Determining the data and features required from the network, identifying the corresponding relevant (e.g., statistical) information to be extracted therefrom and determining a representation of such information are needed for proper functioning of each network operation and traffic engineering function. Obtaining and processing such data and features can be challenging and resource-consuming. Therefore, improvements in network traffic engineering are desirable.
This background information is provided to reveal information believed by the applicant to be of possible relevance to the present invention. No admission is necessarily intended, nor should be construed, that any of the preceding information constitutes prior art against the present invention.
Embodiments of the present disclosure provide methods and systems that enable communication network traffic engineering or application functions using combinations of neural network (NN) encoders and decoders.
According to an aspect of the present disclosure, there is provided a communication network that comprises a first network element that has a NN encoder. The NN encoder is configured to obtain, from the first network element, input data and to process the input data to obtain a latent representation of the input data. The input data are values of operational state variables of the communication network obtained at the first network element. The communication network also comprises a second network element configured to obtain the latent representation from the first network element. The second network element has a NN decoder configured to process the latent representation in accordance with a traffic engineering (TE) function to obtain a TE output.
In some embodiments, the operational state variables of the communication network include at least one of: an availability of computing resources in the communication network, a transmission bit rate in the communication network, a packet size of packets transmitted in the communication network, a utilization of a link in the communication network, a delay in a flow in the communication network, a delay in a link of the communication network, a feature obtained from a packet header, a metric obtained from a packet header, a data flow, and a traffic flow.
In some embodiments, the second network element is configured to modify at least one of the operational state variables of the communication network in accordance with the TE output.
In some embodiments, the TE output includes at least one of: a prediction of traffic in the communication network, the prediction of the traffic including a prediction of one or more of the operational state variables, a classification of the traffic in the communication network, the classification of the traffic including a classification of the at least one of the operational state variables, traffic forwarding settings of the communication network, nodal traffic control settings related to at least one of traffic conditioning, queue management, and scheduling of the communication network, an anomaly in the communication network, and a recommendation of a setting of a parameter of the communication network.

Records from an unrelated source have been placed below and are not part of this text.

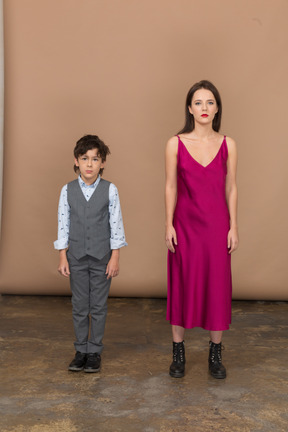 Front view of a boy in suit vest and young woman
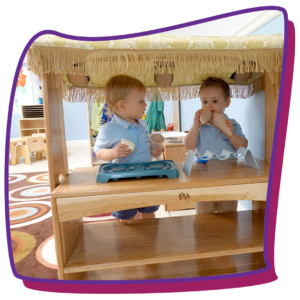 2-year-old kids playing under canopy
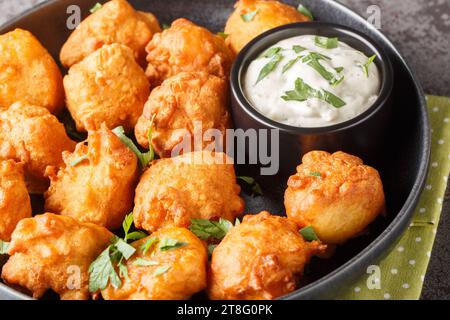 Southern Hush Puppies are light and flakey cornmeal dough that is fried golden brown on the outside and soft on the inside closeup on the plate on the Stock Photo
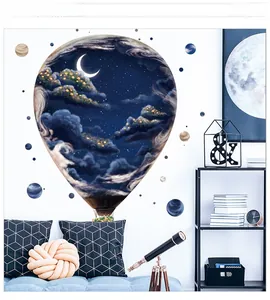 Macro detail of hot air balloon wall sticker showing starry night and moon on a white wall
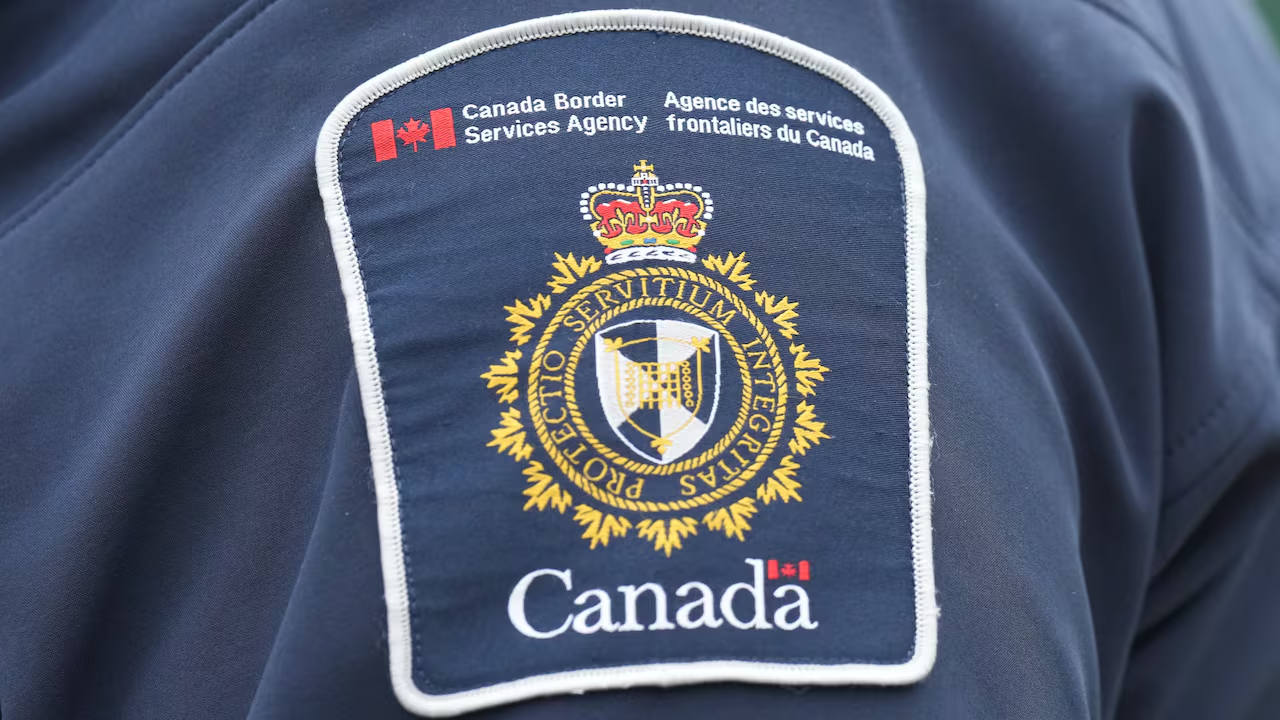 A Canadian Border Services patch appears on the shoulder of an officer wearing a dark blue uniform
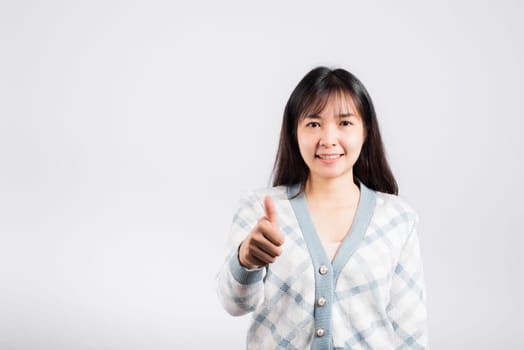 Happy woman smile showing finger thumbs up, Portrait Asian beautiful young female successful like finger gesture, OK sign to agree studio shot isolated on white background with copy space
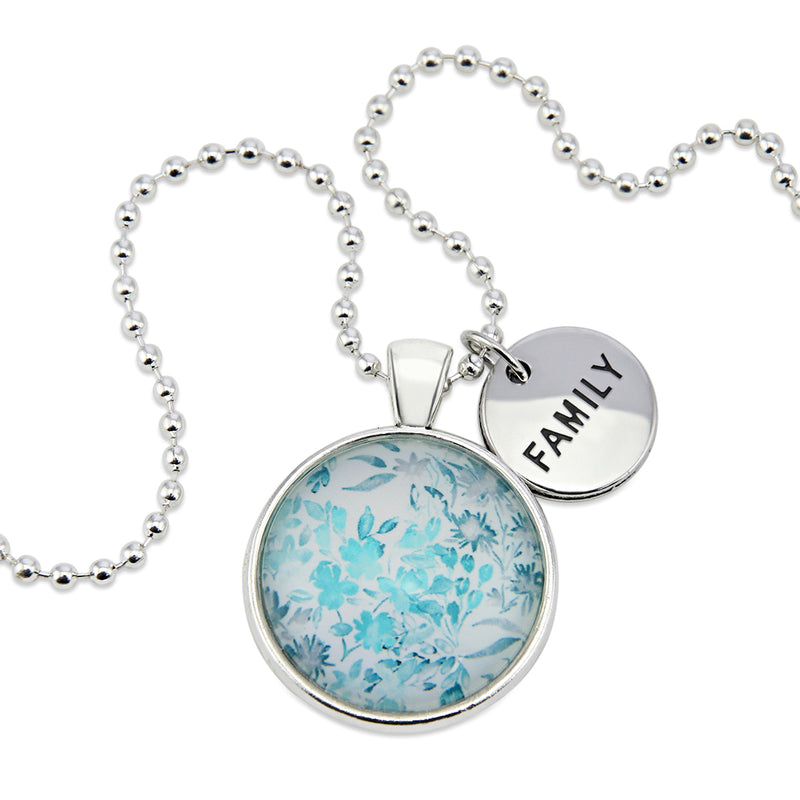 Teal print floral pendant necklace in bright silver with family charm. 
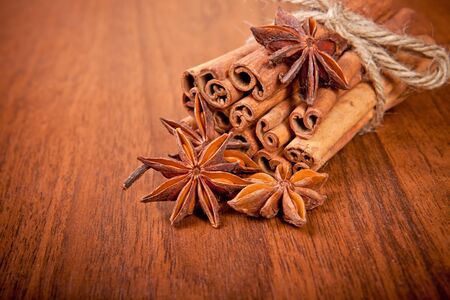 cinnamon sticks and star anise on a wooden backgroundの写真素材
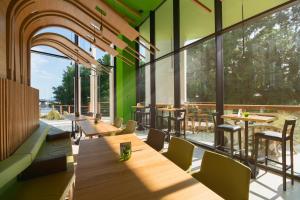 a restaurant with wooden tables and chairs and large windows at Hotel Gergana - Ultra All Inclusive in Albena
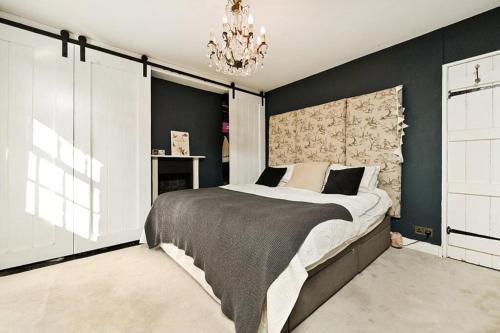 a bedroom with a large bed and a chandelier at South Downs home in Ditchling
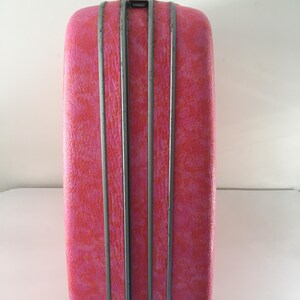 Pu&ograve; includere: Una valigia rigida rettangolare caratterizzata da una vivace texture screziata rosa e arancione. L'esterno &egrave; diviso da due strisce decorative verticali grigio metallizzato al centro, con un piccolo meccanismo di chiusura visibile in alto.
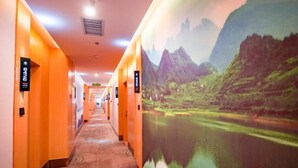 A hotel corridor with a long hallway, doors with room numbers, and a mural of a mountainous landscape with a lake. - Greentree Inn Hefei Fuyang Bei Road Beicheng Shuangfeng Industrial Park (Hefei)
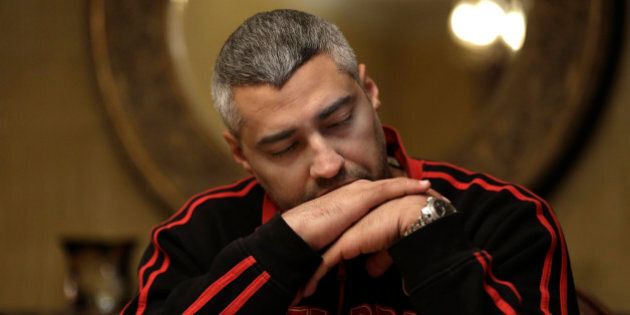 Canadian Al-Jazeera English journalist Mohamed Fahmy, pauses during an interview with The Associated Press in Cairo, Egypt, Thursday, Feb. 19, 2015. Al-Jazeera journalists Fahmy and Baher Mohammed are free pending their retrial, scheduled for Feb. 23. A third colleague, Peter Greste, was released two weeks ago and deported to his home country of Australia. (AP Photo/Hassan Ammar)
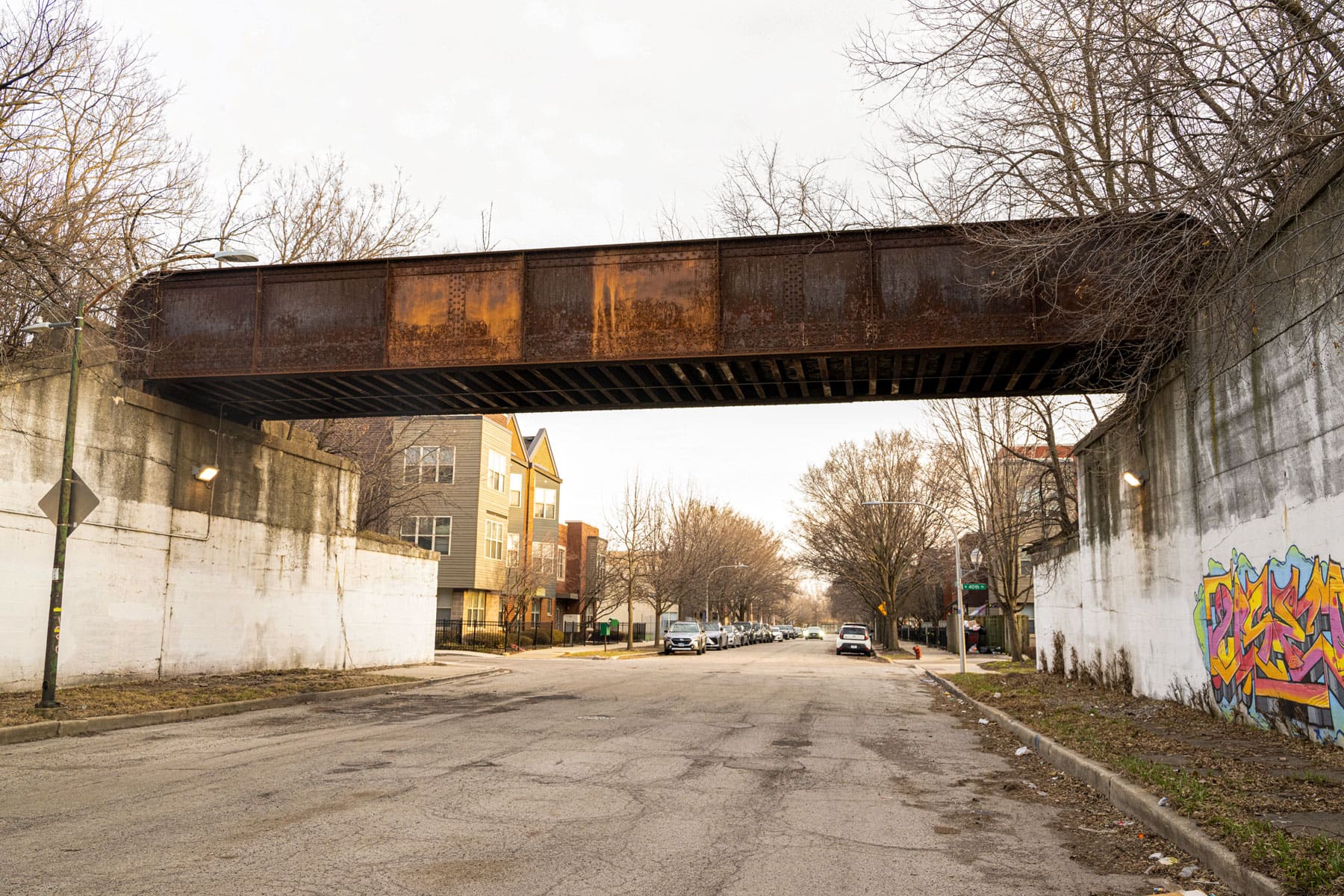 Urban scene with a rusty iron bridge spanning a quiet street, flanked by winter trees and colorful graffiti on the wall, under an overcast sky.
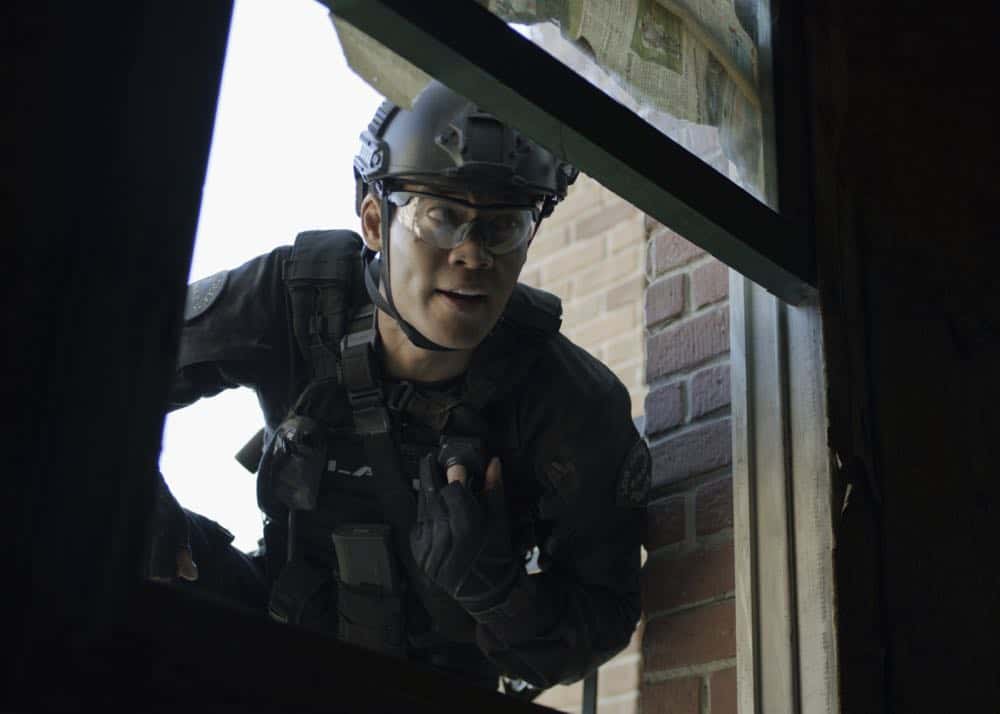 "Shaky Town" -- The SWAT team engages in a standoff with human traffickers holding child hostages when a major earthquake hits Los Angeles during their operation and compromises the takedown. Also, while Hondo forms an unexpected personal connection with Deputy District Attorney Nia Wells (Nikiva Dionne), Jim Street has trouble adjusting to his new life as a patrol officer, on the second season premiere of S.W.A.T., Thursday, Sept. 27 (10:00-11:00 PM, ET/PT) on the CBS Television Network. Pictured: David Lim as Victor Tan. Photo: Screengrab/CBS é2018 CBS Broadcasting, Inc. All Rights Reserved "Shaky Town" -- The SWAT team engages in a standoff with human traffickers holding child hostages when a major earthquake hits Los Angeles during their operation and compromises the takedown. Also, while Hondo forms an unexpected personal connection with Deputy District Attorney Nia Wells (Nikiva Dionne), Jim Street has trouble adjusting to his new life as a patrol officer, on the second season premiere of S.W.A.T., Thursday, Sept. 27 (10:00-11:00 PM, ET/PT) on the CBS Television Network. Pictured: David Lim as Victor Tan. Photo: Screengrab/CBS é2018 CBS Broadcasting, Inc. All Rights Reserved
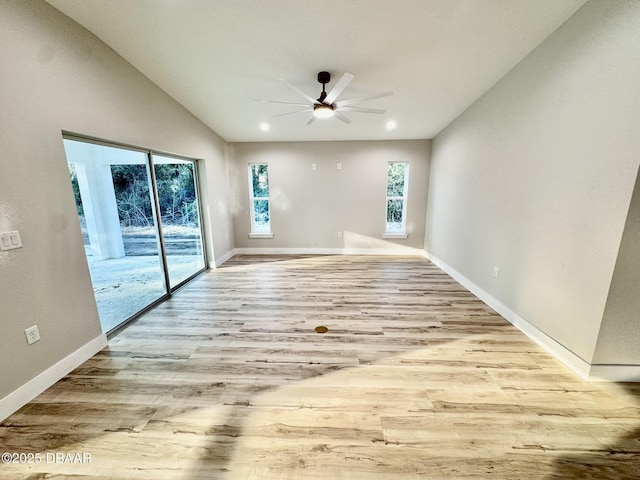 unfurnished room with lofted ceiling, ceiling fan, light wood-type flooring, and baseboards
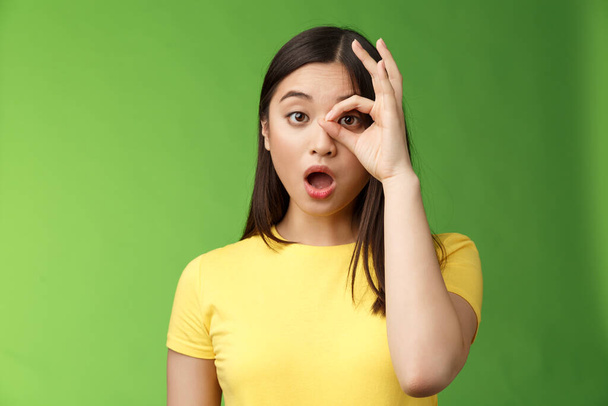 Amazed speechless cute asian young girl drop jaw astonished, look through ok circle sign, drop jaw speechless, impressed look camera, check out incredible promo, stand green background. - Photo, Image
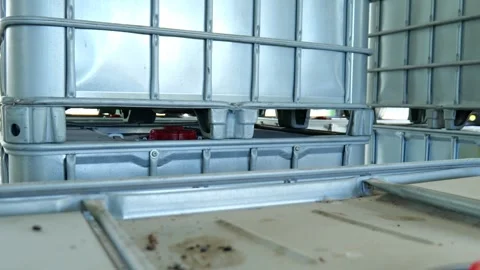 Large 1000 liter square IBC chemical storage tank placed inside an industrial wa Vídeo Stock 347795530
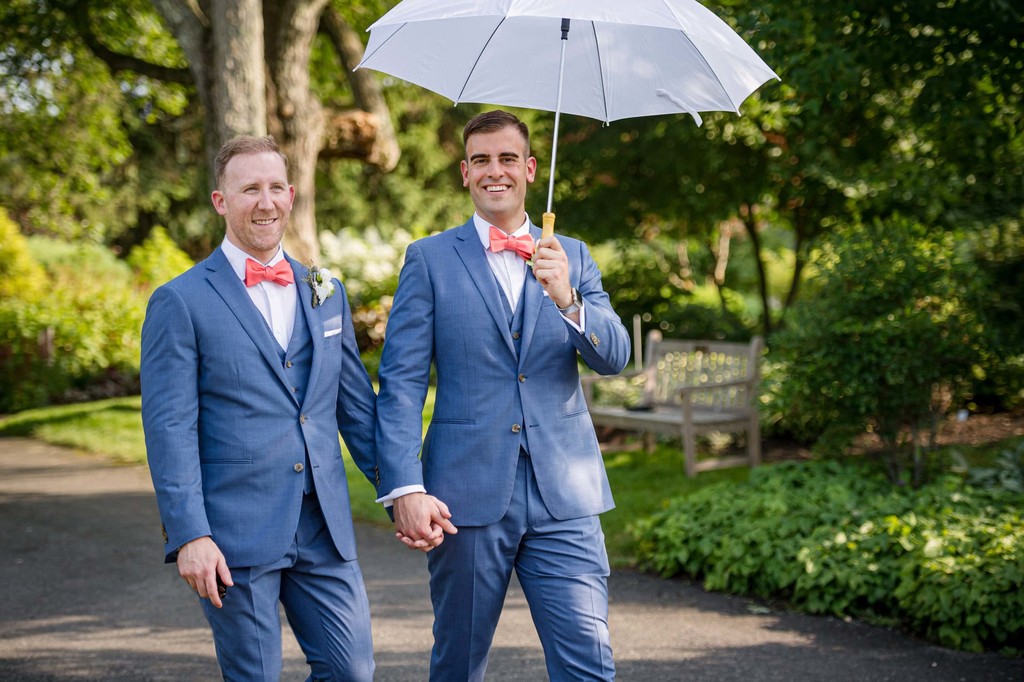 Grooms walking with umbrellas on their wedding day at Elm Bank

In some embodiments, the latent representation is an initial latent representation, and the communication network comprises additional network elements each having a respective additional NN encoder configured to obtain, from a respective additional network element, an additional latent representation of respective additional input data. The respective additional input data is related to additional values of operational state variables of the communication network obtained at the respective additional network element. The second network element is configured to obtain the additional latent representations from the additional network elements. The second network element is configured to process the additional latent representation and the initial representation in accordance with the TE function to obtain the TE output. In some embodiments, the second network element is configured to obtain a concatenation of the initial latent representation with the additional latent representations, and the second network element is configured to process the concatenation in accordance with the TE function to obtain the TE output.
In some embodiments, the communication network is an access network or a core network, the first network element is one of: a user equipment, an access network equipment and a core network equipment, and the decoder network element is one of: another user equipment, an access network equipment, and a core network equipment.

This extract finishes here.